*** Block opens ***
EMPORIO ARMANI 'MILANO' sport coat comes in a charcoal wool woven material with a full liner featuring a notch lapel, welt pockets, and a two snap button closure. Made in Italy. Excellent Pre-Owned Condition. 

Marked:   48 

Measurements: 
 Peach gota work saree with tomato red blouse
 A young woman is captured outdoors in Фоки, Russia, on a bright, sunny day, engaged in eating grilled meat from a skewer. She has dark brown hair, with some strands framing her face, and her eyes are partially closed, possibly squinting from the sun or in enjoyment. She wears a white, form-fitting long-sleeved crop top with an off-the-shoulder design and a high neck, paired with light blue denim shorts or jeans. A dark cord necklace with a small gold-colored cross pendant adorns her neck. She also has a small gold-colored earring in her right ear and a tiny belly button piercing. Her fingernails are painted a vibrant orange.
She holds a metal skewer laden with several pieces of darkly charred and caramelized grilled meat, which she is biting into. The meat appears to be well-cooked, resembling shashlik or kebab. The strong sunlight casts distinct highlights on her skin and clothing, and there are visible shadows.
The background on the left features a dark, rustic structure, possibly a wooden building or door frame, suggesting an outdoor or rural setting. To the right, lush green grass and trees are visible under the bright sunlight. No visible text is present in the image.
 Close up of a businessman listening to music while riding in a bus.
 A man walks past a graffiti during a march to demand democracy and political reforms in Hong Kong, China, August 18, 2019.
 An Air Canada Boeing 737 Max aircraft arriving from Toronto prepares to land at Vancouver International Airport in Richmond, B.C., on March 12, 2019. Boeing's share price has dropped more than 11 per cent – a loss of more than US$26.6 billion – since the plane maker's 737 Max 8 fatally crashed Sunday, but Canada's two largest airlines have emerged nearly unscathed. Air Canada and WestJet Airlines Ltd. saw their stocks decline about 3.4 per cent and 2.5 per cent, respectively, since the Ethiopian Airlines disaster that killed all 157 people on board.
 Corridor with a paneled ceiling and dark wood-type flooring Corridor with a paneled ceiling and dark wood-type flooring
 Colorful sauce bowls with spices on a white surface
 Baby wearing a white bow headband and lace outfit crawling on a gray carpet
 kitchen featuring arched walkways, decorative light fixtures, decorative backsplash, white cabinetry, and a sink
*** Block closes ***
REQUIRED WORK
Output the entire data exactly, line for line.

EXERCISE OUTPUT
EMPORIO ARMANI 'MILANO' sport coat comes in a charcoal wool woven material with a full liner featuring a notch lapel, welt pockets, and a two snap button closure. Made in Italy. Excellent Pre-Owned Condition. 

Marked:   48 

Measurements: 
 Peach gota work saree with tomato red blouse
 A young woman is captured outdoors in Фоки, Russia, on a bright, sunny day, engaged in eating grilled meat from a skewer. She has dark brown hair, with some strands framing her face, and her eyes are partially closed, possibly squinting from the sun or in enjoyment. She wears a white, form-fitting long-sleeved crop top with an off-the-shoulder design and a high neck, paired with light blue denim shorts or jeans. A dark cord necklace with a small gold-colored cross pendant adorns her neck. She also has a small gold-colored earring in her right ear and a tiny belly button piercing. Her fingernails are painted a vibrant orange.
She holds a metal skewer laden with several pieces of darkly charred and caramelized grilled meat, which she is biting into. The meat appears to be well-cooked, resembling shashlik or kebab. The strong sunlight casts distinct highlights on her skin and clothing, and there are visible shadows.
The background on the left features a dark, rustic structure, possibly a wooden building or door frame, suggesting an outdoor or rural setting. To the right, lush green grass and trees are visible under the bright sunlight. No visible text is present in the image.
 Close up of a businessman listening to music while riding in a bus.
 A man walks past a graffiti during a march to demand democracy and political reforms in Hong Kong, China, August 18, 2019.
 An Air Canada Boeing 737 Max aircraft arriving from Toronto prepares to land at Vancouver International Airport in Richmond, B.C., on March 12, 2019. Boeing's share price has dropped more than 11 per cent – a loss of more than US$26.6 billion – since the plane maker's 737 Max 8 fatally crashed Sunday, but Canada's two largest airlines have emerged nearly unscathed. Air Canada and WestJet Airlines Ltd. saw their stocks decline about 3.4 per cent and 2.5 per cent, respectively, since the Ethiopian Airlines disaster that killed all 157 people on board.
 Corridor with a paneled ceiling and dark wood-type flooring Corridor with a paneled ceiling and dark wood-type flooring
 Colorful sauce bowls with spices on a white surface
 Baby wearing a white bow headband and lace outfit crawling on a gray carpet
 kitchen featuring arched walkways, decorative light fixtures, decorative backsplash, white cabinetry, and a sink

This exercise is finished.